In the new league’s second year, its all-star team made it to the finals in the district tournament, losing the district title to the Nunaka Valley team.
Since then, Knik teams have won many state championships in both baseball and softball. Its first state title came in 1968. The Golden Anniversary of that event will be celebrated by a gathering of several members of that team on July 14 at Lions Park in Eagle River.
Last season, more than 500 players were signed up. The lineup of teams included 10 in T-ball, eight in Coach Pitch, seven Minor League teams, eight Major League, two Intermediate, three Minor Softball, two Major Softball and one Junior Softball.
For anyone considering becoming involved with the volunteer youth program, this writer strongly encourages participation.
It is a great character-builder. Working with the youngsters is rewarding. When they succeed, you succeed. When they come up short, it makes you want to learn how to encourage them to accept the challenge of figuring out how to do better. The game has rules. It teaches accountability.
And, importantly, the Little League organization emphasizes good sportsmanship. The post-game “Good game” comment is acknowledgment for participation, win or lose.
Never having played the game myself, I dropped my 9-year-old son off for his first game in 1962, then left to work in the yard. Steve was so excited when he came home that evening, he enthusiastically recounted every play. He had even been able to play an inning. It made me want to attend the next game to see what had made him so excited.
Hunk Petranovich, Matanuska Electric’s meter reader and tender of lines for the area, was manager-coach. Saying, “I need a scorekeeper,” he handed me the scorebook. After my protest of ignorance of the game, he said he’d tell me what to write down.
A week later, give or take a couple of days, he announced after the game that Marie, his wife, had too much for him to do at home. He would have to give up the team. I looked around to see which father would step forward. It turned out I was the only on there.
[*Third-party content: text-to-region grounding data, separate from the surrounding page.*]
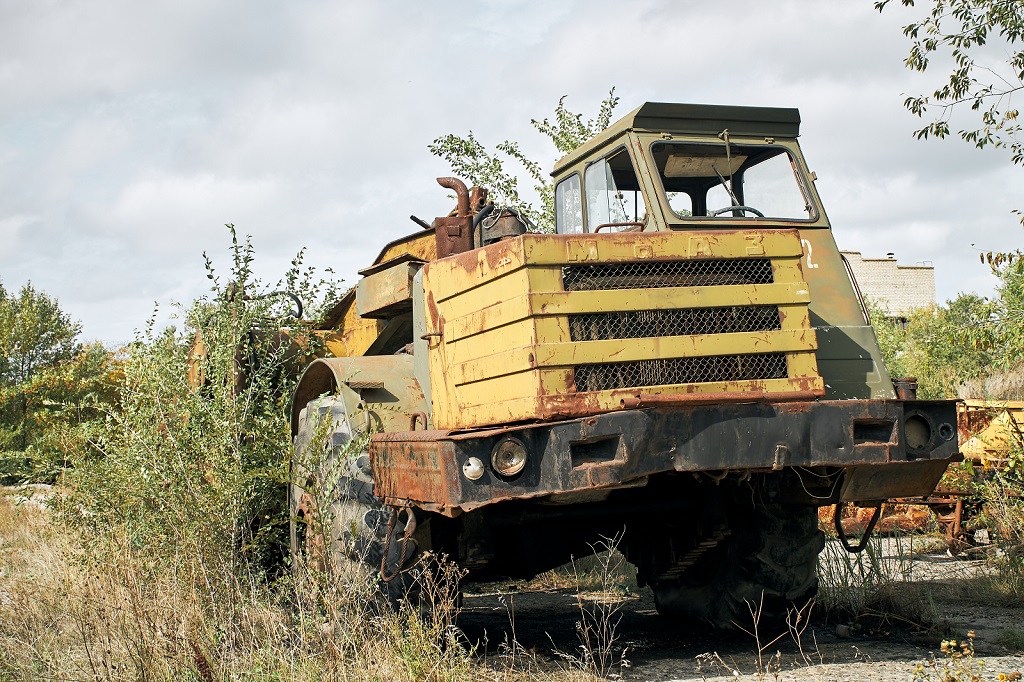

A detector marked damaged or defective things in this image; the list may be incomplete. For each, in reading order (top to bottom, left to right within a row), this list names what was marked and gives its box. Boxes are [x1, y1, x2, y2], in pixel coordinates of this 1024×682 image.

rusty construction vehicle [286, 102, 958, 630]
rusty steel bumper [370, 395, 958, 512] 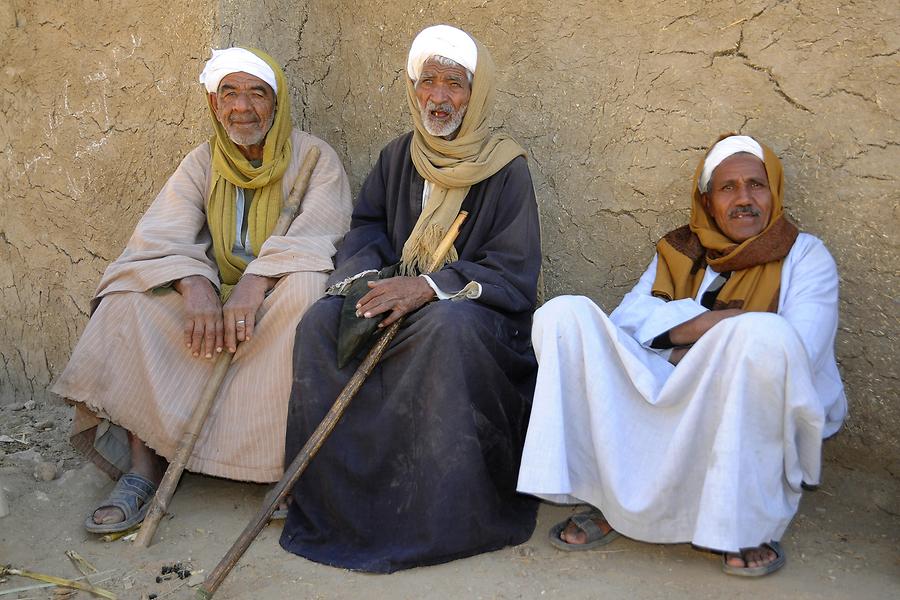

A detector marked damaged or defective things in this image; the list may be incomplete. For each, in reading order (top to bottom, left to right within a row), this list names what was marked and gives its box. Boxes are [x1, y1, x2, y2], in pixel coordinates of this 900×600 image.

cracked wall [0, 2, 216, 406]
cracked wall [3, 0, 896, 468]
cracked wall [220, 0, 900, 464]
After a lot of reading, a bunch of watching—and thanks to some really good kids—the team finished the season in a comfortable position.
Two years later the Knik all-stars came out runners-up in the district championship. The loss was due entirely to my inexperience. I had failed to teach the catcher what to do if a runner attempted to steal second with two out and the bases loaded in the sixth and final inning. Had I made sure he threw the ball to the pitcher rather than try to throw the runner out at second, all runners would have had to go back to their base. Instead, his throw intended to get the final out went into the outfield and we lost the game by a run.
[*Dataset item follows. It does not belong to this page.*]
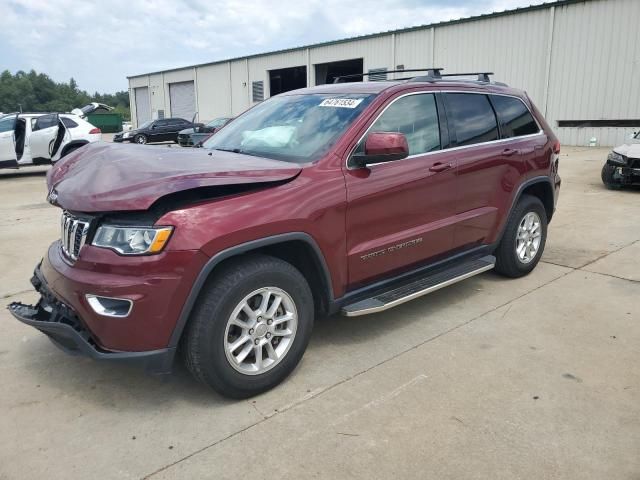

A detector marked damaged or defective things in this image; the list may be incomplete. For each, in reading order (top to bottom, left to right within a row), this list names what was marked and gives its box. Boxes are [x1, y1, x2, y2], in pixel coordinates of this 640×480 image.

damaged jeep grand cherokee [8, 70, 560, 398]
There is a 12-year age difference between our two sons. Both went through Little League, Babe Ruth and American Legion Baseball. Each played on two state championship teams. Steve’s Babe Ruth team in 1967 ended up one game short of the World Series, losing out to the Oregon state champions in the “if-necessary” game.
Their teams’ successes came from the players’ own deep dedication to the game, ingenuity and insight on the part of the players, and excellent devotion to practice.
All four of our children have been involved in sports, all of them as players and coaches, Steve retiring just this year as a basketball coach at West and Ole as an official with USA Track and Field. While still in high school, No. 2 Daughter Sherri coached the 1975 Knik Softball state championship team managed by Carol Monroe in that year’s Northwest Regionals.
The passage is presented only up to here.